ビジネスをスムーズに進めるには、交渉力を高める必要がある。自分は交渉力が弱点になっているという人と話すと、無意識のうちの働く心理がその弱点につながっていることが少なくない。そこを意識することで、交渉力は格段にアップする。今回は、無意識のうちに働く心理への気付きを促すことにしたい。(心理学博士 MP人間科学研究所代表 榎本博明)
「疑うのは失礼だ」は日本人的な心理?
数年前、大手建設会社が、土地の持ち主を装って不動産売買の詐欺を働く地面師集団にだまされ、50億円以上の損害を被るという事件が明るみに出て社会に大きな衝撃を与えた。 その事件では、土地の持ち主を装う売り主の身分確認をきちんとしていなかったことが致命的な結果につながっていた。怪しい人物が動いていると知らせる手紙が来たにもかかわらず、怪文書扱いで無視をして、取引を進めたのだった。
身分確認をしつこくするのは失礼に当たる、そんなことをして気分を害してはいけないといった遠慮が働いたのだろう。
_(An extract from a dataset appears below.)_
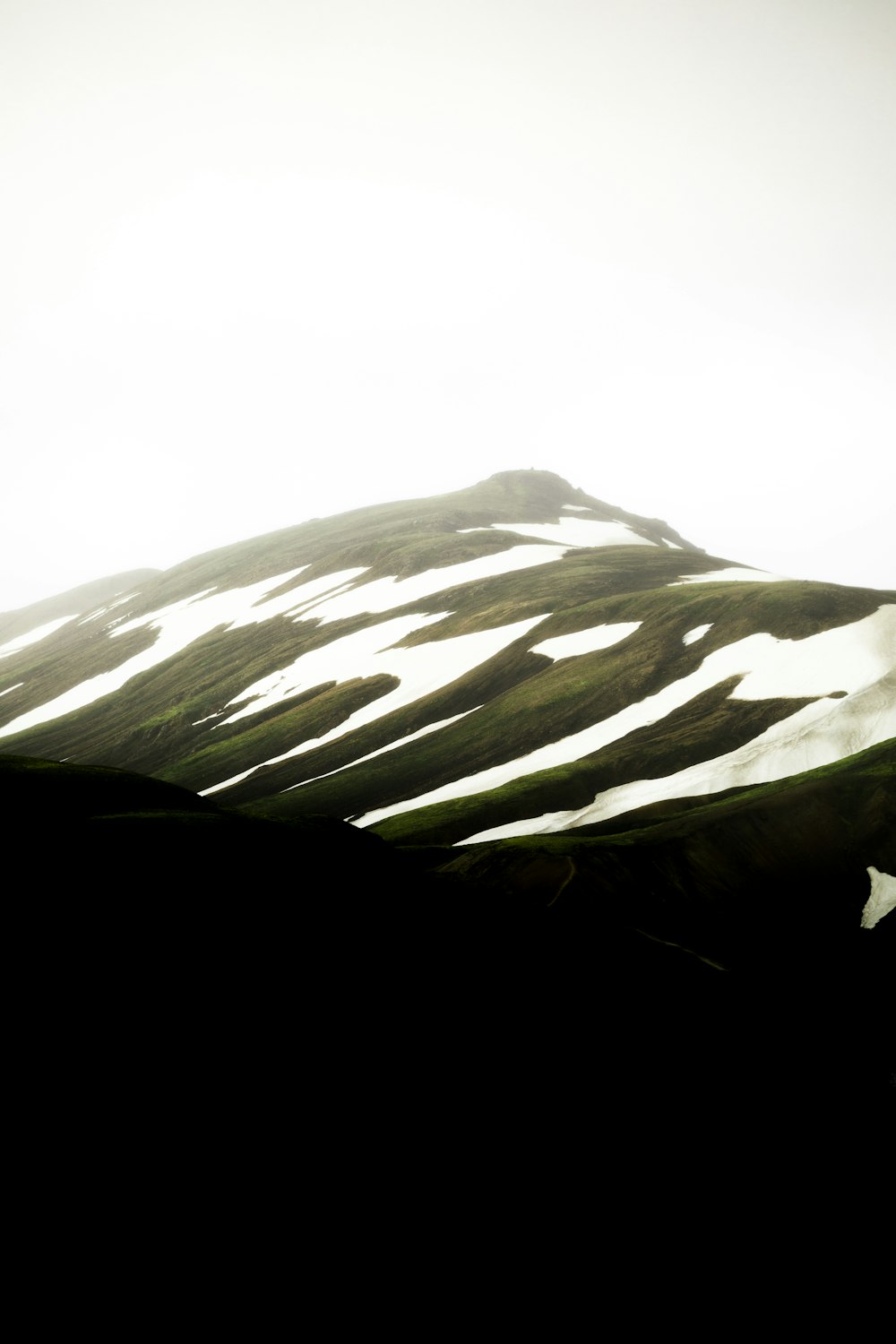 Montaña verde y blanca bajo el cielo blanco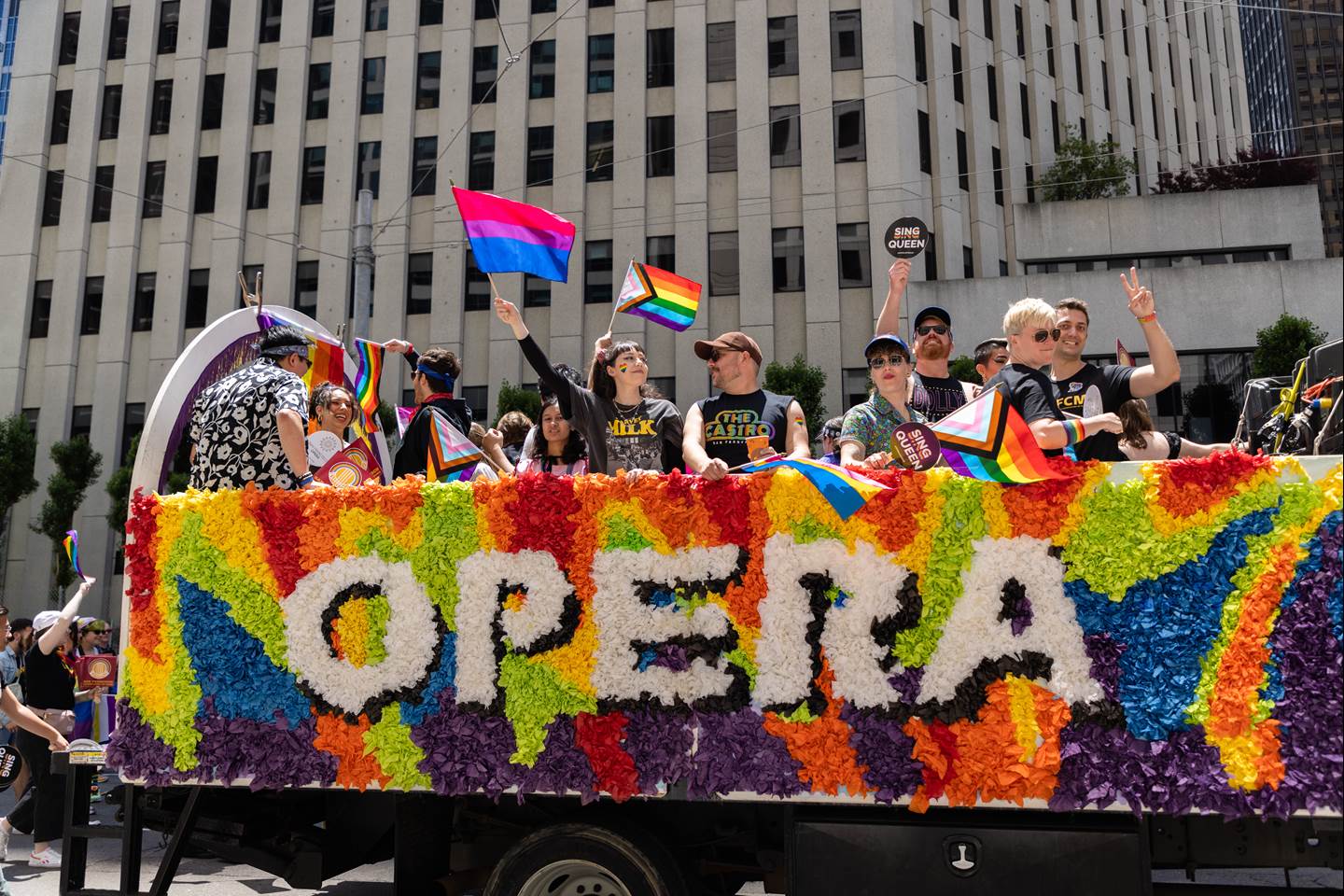 2023 Pride Parade San Francisco Opera float featuring people waving from a multicolored float with &#39;Opera&#39; spelled out in white letters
数十億円もの大金を動かす際にも、気まずくなるのを避けようとして、身分確認をするのを躊躇(ちゅうちょ)してしまうのである。
それほどまでに私たち日本人の心には、「気まずくなるのはまずい」という心理が強く刻まれているのである。
グローバルにビジネスを展開する時代に、このような心理を無意識に抱えているのは、非常に危険なことと言わねばならない。海外では、当たり前のようにだまし合いは起こっており、むしろだまされるほうが悪い、という考え方が主流だ。だまされないように気を付ける姿勢は必須と言ってよい。もちろん国内勢を相手に交渉する際にも、気まずさを避けて確認したいことも確認せず、要求すべきことも遠慮するようでは、相手のペースで進められてしまう。
私たち日本人は、ともすると相手を疑うのは失礼だといった思いに縛られ、きちんと物事を検討せずに相手の要求を受け入れてしまいがちである。そうした文化的に植えつけられている心の癖を自覚し、しっかり考えて行動する必要があるだろう。